In statistics, the Behrens–Fisher problem, named after Walter Ulrich Behrens and Ronald Fisher, is the problem of interval estimation and hypothesis testing concerning the difference between the means of two normally distributed populations when the variances of the two populations are not assumed to be equal, based on two independent samples.
One difficulty with discussing the Behrens–Fisher problem and proposed solutions, is that there are many different interpretations of what is meant by "the Behrens–Fisher problem". These differences involve not only what is counted as being a relevant solution, but even the basic statement of the context being considered.
Let X1, ..., Xn and Y1, ..., Ym be i.i.d. samples from two populations which both come from the same location-scale family of distributions. The scale parameters are assumed to be unknown and not necessarily equal, and the problem is to assess whether the location parameters can reasonably be treated as equal. Lehmann states that "the Behrens–Fisher problem" is used both for this general form of model when the family of distributions is arbitrary and for when the restriction to a normal distribution is made. While Lehmann discusses a number of approaches to the more general problem, mainly based on nonparametrics, most other sources appear to use "the Behrens–Fisher problem" to refer only to the case where the distribution is assumed to be normal: most of this article makes this assumption.

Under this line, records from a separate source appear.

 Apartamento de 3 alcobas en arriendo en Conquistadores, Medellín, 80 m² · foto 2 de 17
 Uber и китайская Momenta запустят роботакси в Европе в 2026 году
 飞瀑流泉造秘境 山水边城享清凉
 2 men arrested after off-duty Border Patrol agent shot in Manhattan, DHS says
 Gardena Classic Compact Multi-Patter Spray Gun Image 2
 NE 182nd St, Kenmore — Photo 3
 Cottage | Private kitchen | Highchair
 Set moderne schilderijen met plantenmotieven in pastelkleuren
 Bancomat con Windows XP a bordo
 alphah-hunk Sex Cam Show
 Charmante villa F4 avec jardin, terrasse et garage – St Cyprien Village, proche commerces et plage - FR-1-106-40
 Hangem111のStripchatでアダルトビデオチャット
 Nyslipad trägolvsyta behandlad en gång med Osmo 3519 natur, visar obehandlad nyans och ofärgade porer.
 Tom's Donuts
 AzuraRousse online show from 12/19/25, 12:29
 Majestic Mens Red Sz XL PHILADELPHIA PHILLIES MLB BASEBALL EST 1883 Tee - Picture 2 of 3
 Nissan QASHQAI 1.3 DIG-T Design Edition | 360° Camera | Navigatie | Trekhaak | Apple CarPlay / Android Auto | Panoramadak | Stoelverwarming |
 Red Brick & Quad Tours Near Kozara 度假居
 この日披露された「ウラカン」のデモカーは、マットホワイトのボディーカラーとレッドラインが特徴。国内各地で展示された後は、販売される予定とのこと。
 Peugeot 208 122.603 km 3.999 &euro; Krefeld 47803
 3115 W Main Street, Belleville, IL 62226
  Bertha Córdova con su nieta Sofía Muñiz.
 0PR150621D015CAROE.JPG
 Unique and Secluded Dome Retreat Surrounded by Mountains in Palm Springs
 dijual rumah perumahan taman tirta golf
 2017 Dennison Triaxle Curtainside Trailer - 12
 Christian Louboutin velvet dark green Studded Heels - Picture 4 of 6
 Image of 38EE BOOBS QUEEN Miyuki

Solutions to the Behrens–Fisher problem have been presented that make use of either a classical or a Bayesian inference point of view and either solution would be notionally invalid judged from the other point of view. If consideration is restricted to classical statistical inference only, it is possible to seek solutions to the inference problem that are simple to apply in a practical sense, giving preference to this simplicity over any inaccuracy in the corresponding probability statements. Where exactness of the significance levels of statistical tests is required, there may be an additional requirement that the procedure should make maximum use of the statistical information in the dataset. It is well known that an exact test can be gained by randomly discarding data from the larger dataset until the sample sizes are equal, assembling data in pairs and taking differences, and then using an ordinary t-test to test for the mean-difference being zero: clearly this would not be "optimal" in any sense.